How to complete this task:
Below, find the line containing "Вижу ваш большой" and the line containing "Эту премию мы"; reproduce exactly those two and every line between them, omitting pictures.

Start of Supplied data

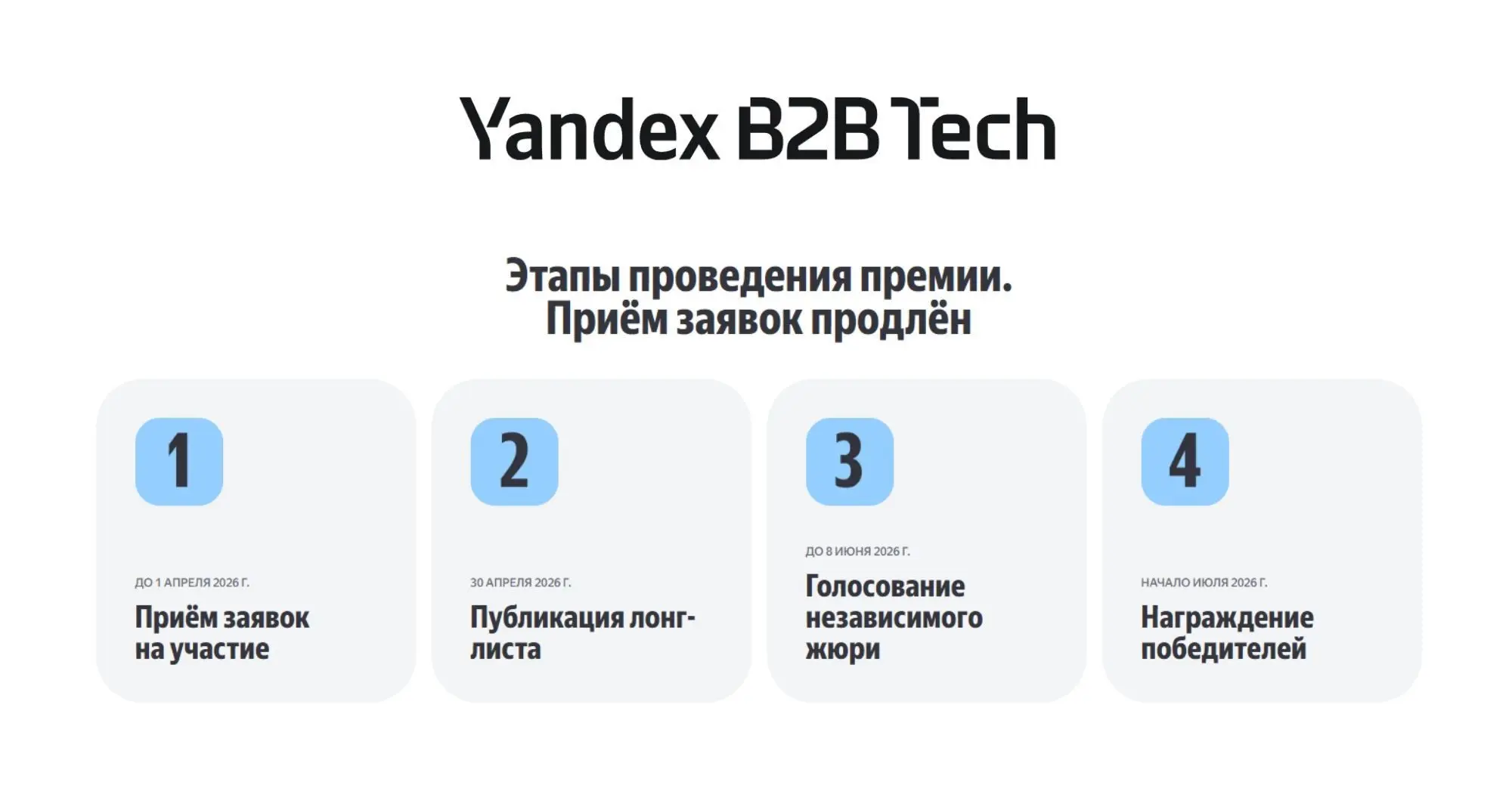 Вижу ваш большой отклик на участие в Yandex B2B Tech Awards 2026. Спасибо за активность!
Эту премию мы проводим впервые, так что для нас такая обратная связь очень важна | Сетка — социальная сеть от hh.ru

End of Supplied data
Start of Supplied data

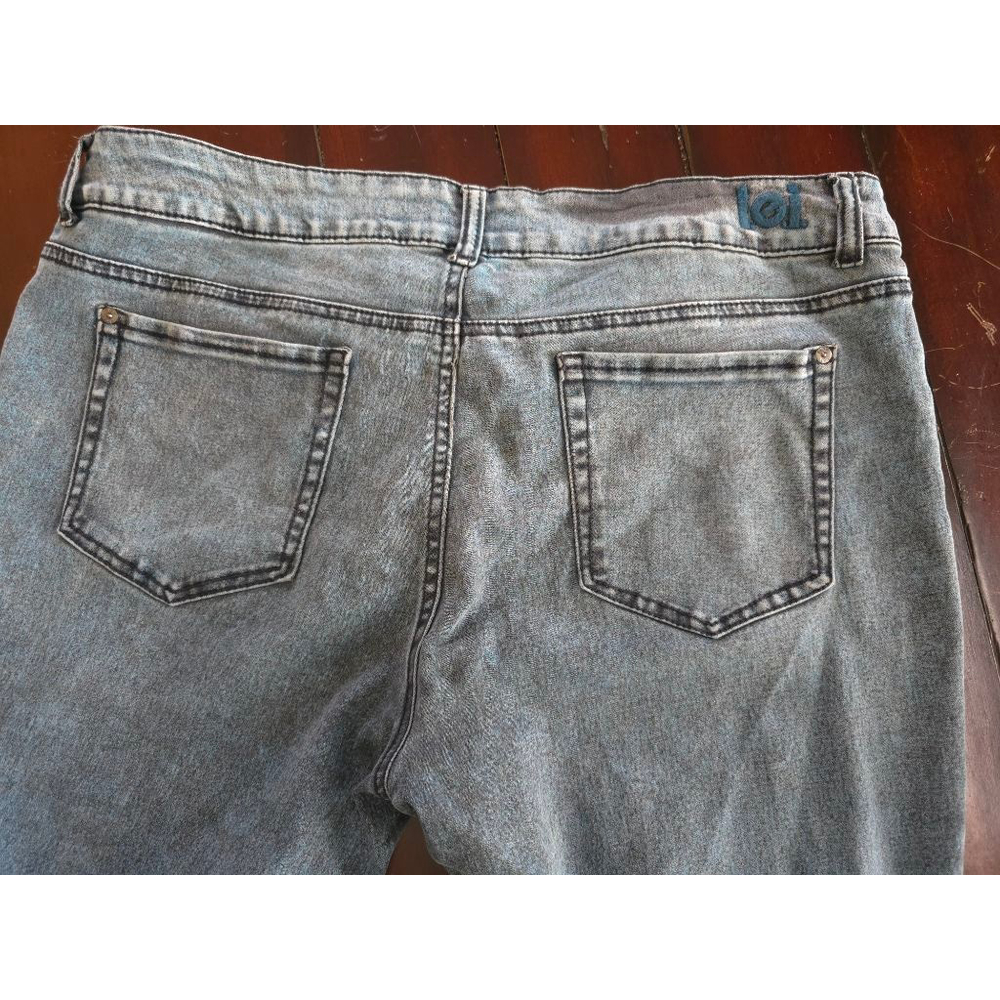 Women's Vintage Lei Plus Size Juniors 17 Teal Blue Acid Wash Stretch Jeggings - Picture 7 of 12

End of Supplied data
Start of Supplied data

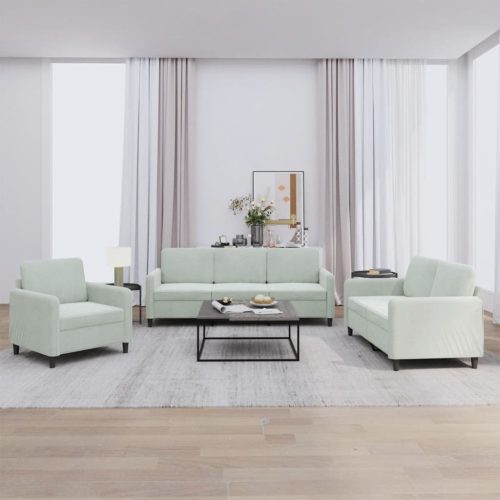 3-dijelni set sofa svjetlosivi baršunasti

End of Supplied data

Result below:
 Вижу ваш большой отклик на участие в Yandex B2B Tech Awards 2026. Спасибо за активность!
Эту премию мы проводим впервые, так что для нас такая обратная связь очень важна | Сетка — социальная сеть от hh.ru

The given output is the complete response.